No matter where you go or look there is a sign telling you what to do or not do.
Think about it. There are signs everywhere. From the most isolated rural country road to shopping malls and sports stadiums to the jam-packed streets and metro freeways in big cities, there’s a sign with information just waiting to be read.
Before I got my driver’s license, I would watch in wonder from the back seat of our whatever year no seat belt car as my dad would drive the family auto loaded with four or five kids on the roads around the Twin Cities. On nearly every trip I’d ask him how he knew where he was going in those long ago prehistoric days before the fabulous technology of GPS arrived.
He’d answer my question in his usual sly sense of humor manner with a simple four-word comment: “Just read the signs.”
Considering what’s going on in the world with the back and forth nuclear bomb threats between two adversaries today, it takes me back to remember about what probably was the scariest sign of all time. Looking in the time capsule portion of the mind for us who were schoolchildren in the late ‘50s or early ‘60s I can see ourselves practicing “duck and cover” drills for a potential nuclear strike.
If you’re still reading you’ve probably figured out that the scariest sign I’m referring to is the distinctive yellow and black fallout shelter sign that became a symbol of the Cold War which existed between the U.S. and Soviet Union in the early ‘60s.
If you were one of those obedient “duck and cover” kids you’ll recall the air raid drills which had you go to a downstairs room and follow the instructions given by your teacher. Otherwise, if you weren’t in school and there was an emergency you looked for those yellow-and-black signs with three downward pointing triangles that became an international symbol for protection from radiation exposure. Those signs were usually placed at various locations and attached to buildings around town that directed pedestrians toward the nearest public shelter in the event of a nuclear incident.
The man who created the ominous shelter sign was Robert Blakeley, a U.S. Army Corps Engineer, who recently died last October at age 95. The shelter system was ordered by Pres. John F. Kennedy in 1961 at a time when a nuclear missile attack seemed unavoidable with Khrushchev and the Soviets or Castro in Cuba.
Not everyone fully understood the ramifications of nuclear fallout, but by using a shelter, you could possibly survive an attack, at least in the short term. Fallout shelters were mainly located in the basements of churches, government buildings, schools, municipal or bank structures and apartment complexes.
Many houses that were erected around those years also had a safe concrete bunker-style room built into the basement. The shelters were all designed to be stocked with food and water to prevent occupants from exposure to radiation once the door was closed and locked.
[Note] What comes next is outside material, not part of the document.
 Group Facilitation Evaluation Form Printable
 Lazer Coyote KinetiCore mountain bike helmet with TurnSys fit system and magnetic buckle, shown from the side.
Nearly all new house construction in the Midwest and Southeastern part of the country in recent years have some sort of safe room built into it for residents to go for protection when severe thunderstorms or tornadoes threaten. It would be interesting to learn how many homes of all ages still have a nuclear bomb fallout room in their basement.
Blakeley, a Marine veteran who served in the military during WWII and the Korean War, was no stranger to battlefield chaos and conflict. So when he designed the sign he dismissed an early suggestion that the fallout sign be made of railroad board, a paper-like material that would be hard to hang and probably burn in the destruction of an atomic blast.
He had the foresight to know he’d need a long-lasting sign, so he chose aluminum, which easily could be recognizable when painted with the logo and the three directional arrows, including numbers of the shelter capacity. Just in case, it was the one room you didn’t want to be late getting to if the sirens blew.
For many years long after the Cold War ended there still was a fallout shelter sign attached to the exterior of the municipal building in the small community where I live. It’s not there anymore, but in a school gym of another area town a fallout shelter sign still hangs on the wall close to the staircase leading to a lower level safe room beneath the basketball floor.
There are very few, if any, yellow-and-black fallout shelter signs still remaining on buildings. Most of those signs have been removed and disappeared except for a few rare originals that survived, and collectors may find them for sale in antique stores.
As I write this I’m hopeful that the scariest sign of all remains a relic of the past. That sign from over a half century ago must never be needed again. For now we can only wait and see if good sense somehow prevails to save mankind and preserve God’s green earth.